WHAT NEEDS TO BE DONE >> All pictures are to be omitted while the lines starting at the line with "Beautiful White Net Dupatta With Embroidery" and ending at the line with "COZY KISS Wide" in the material below are retyped exactly, both ends included.

DATASET >>
Segment Open

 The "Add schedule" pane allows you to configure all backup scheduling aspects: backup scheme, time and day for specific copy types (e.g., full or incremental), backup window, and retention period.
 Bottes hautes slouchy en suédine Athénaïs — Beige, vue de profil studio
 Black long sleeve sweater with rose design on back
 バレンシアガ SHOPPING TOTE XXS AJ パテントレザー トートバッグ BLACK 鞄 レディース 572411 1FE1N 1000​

Segment Closed
Segment Open

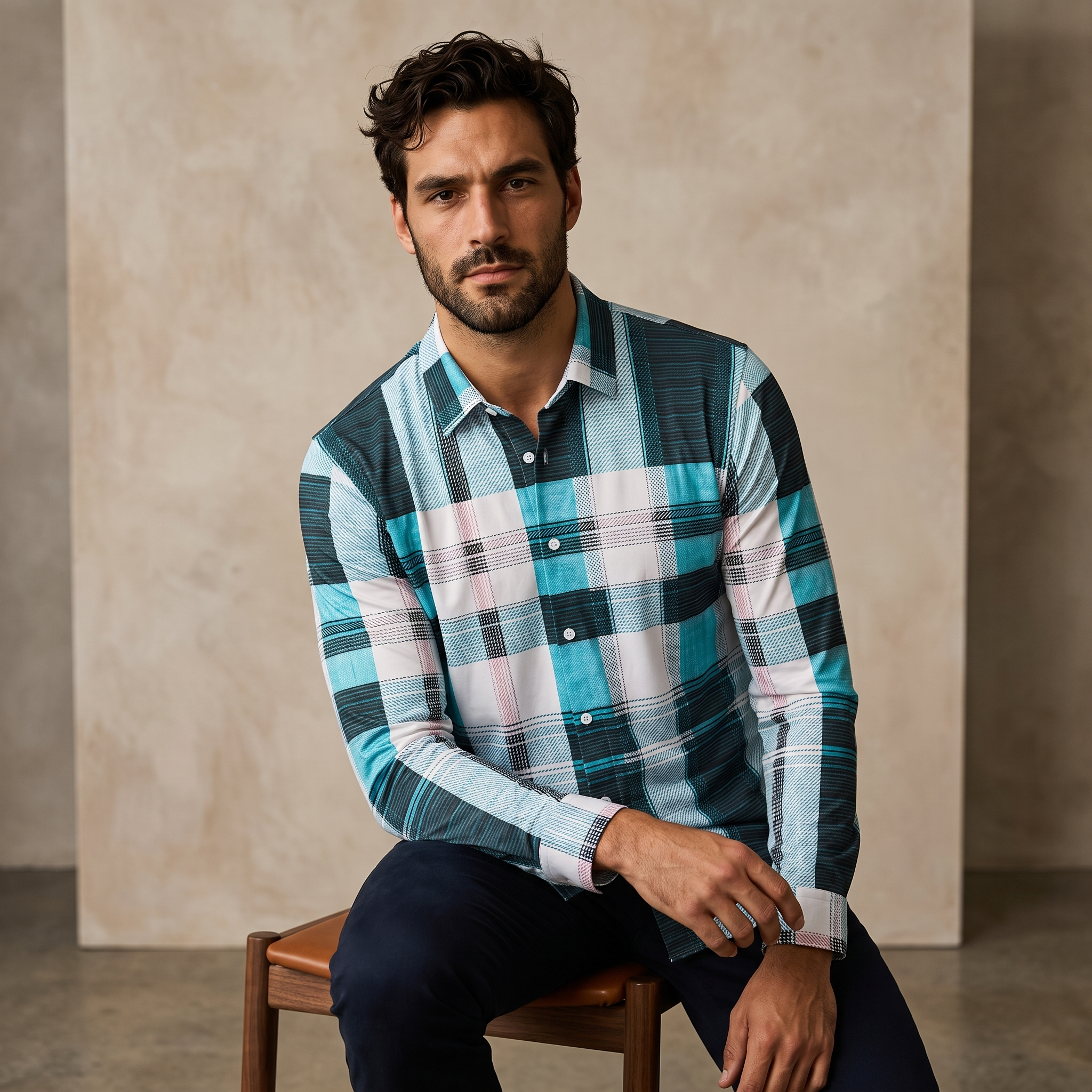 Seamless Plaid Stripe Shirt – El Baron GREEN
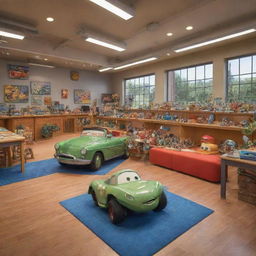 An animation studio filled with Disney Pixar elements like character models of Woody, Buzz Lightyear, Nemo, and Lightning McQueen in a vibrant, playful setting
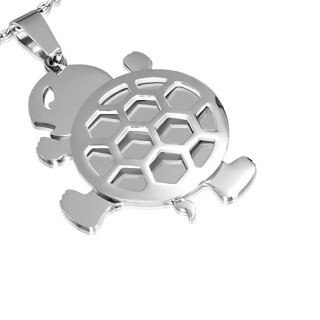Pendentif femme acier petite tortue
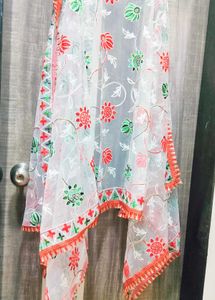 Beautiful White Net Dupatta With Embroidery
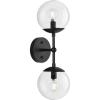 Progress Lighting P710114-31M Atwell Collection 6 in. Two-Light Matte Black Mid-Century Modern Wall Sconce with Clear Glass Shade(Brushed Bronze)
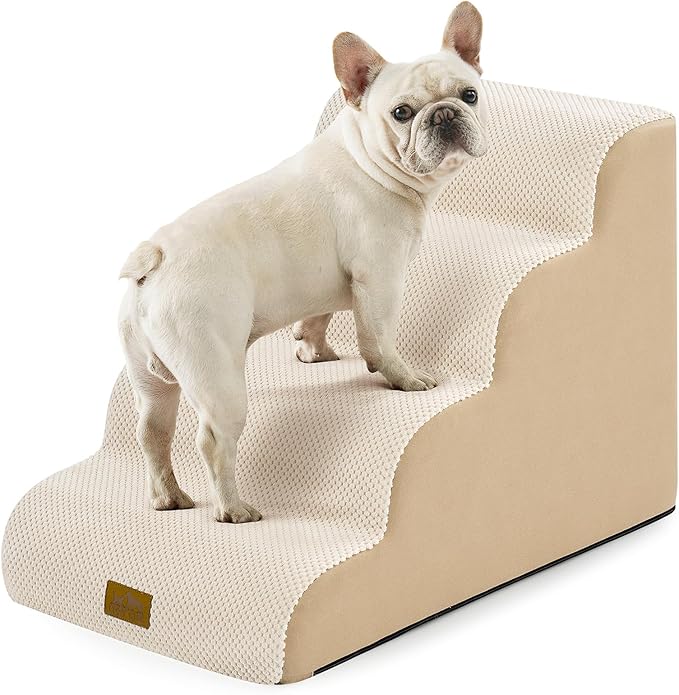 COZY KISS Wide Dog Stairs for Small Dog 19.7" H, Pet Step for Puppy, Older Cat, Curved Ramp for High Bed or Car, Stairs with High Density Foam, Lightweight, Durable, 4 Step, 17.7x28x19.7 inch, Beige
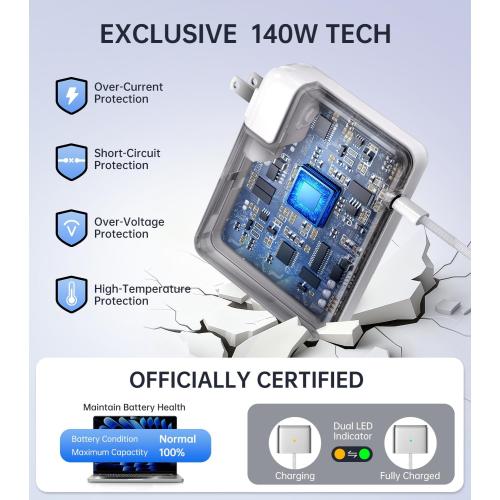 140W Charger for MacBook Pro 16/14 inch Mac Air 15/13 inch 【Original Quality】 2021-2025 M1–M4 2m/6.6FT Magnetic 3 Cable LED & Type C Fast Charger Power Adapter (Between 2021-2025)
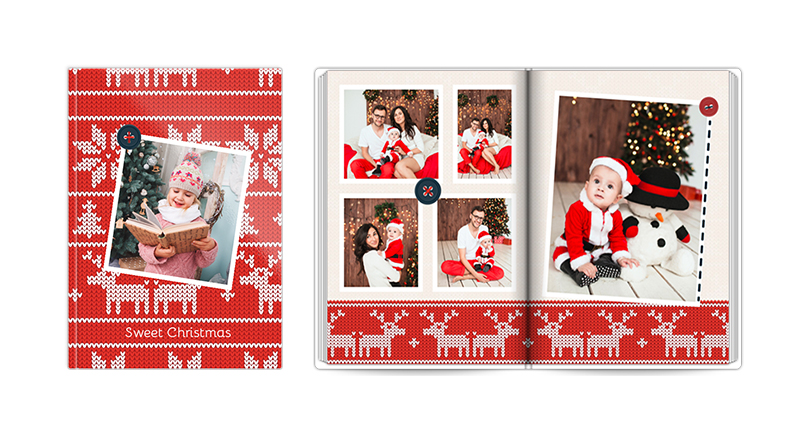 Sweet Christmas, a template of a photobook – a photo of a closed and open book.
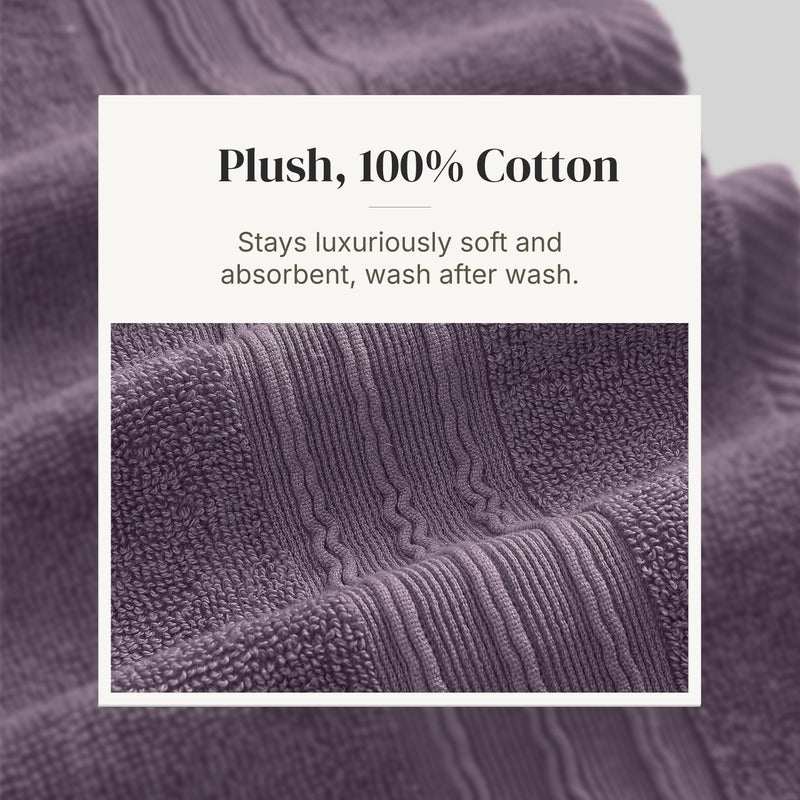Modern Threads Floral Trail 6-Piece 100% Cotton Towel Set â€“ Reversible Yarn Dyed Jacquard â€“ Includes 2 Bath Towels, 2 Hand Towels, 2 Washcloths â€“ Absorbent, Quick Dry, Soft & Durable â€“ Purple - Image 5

Segment Closed

OUTPUT >>
 Beautiful White Net Dupatta With Embroidery
 Progress Lighting P710114-31M Atwell Collection 6 in. Two-Light Matte Black Mid-Century Modern Wall Sconce with Clear Glass Shade(Brushed Bronze)
 COZY KISS Wide Dog Stairs for Small Dog 19.7" H, Pet Step for Puppy, Older Cat, Curved Ramp for High Bed or Car, Stairs with High Density Foam, Lightweight, Durable, 4 Step, 17.7x28x19.7 inch, Beige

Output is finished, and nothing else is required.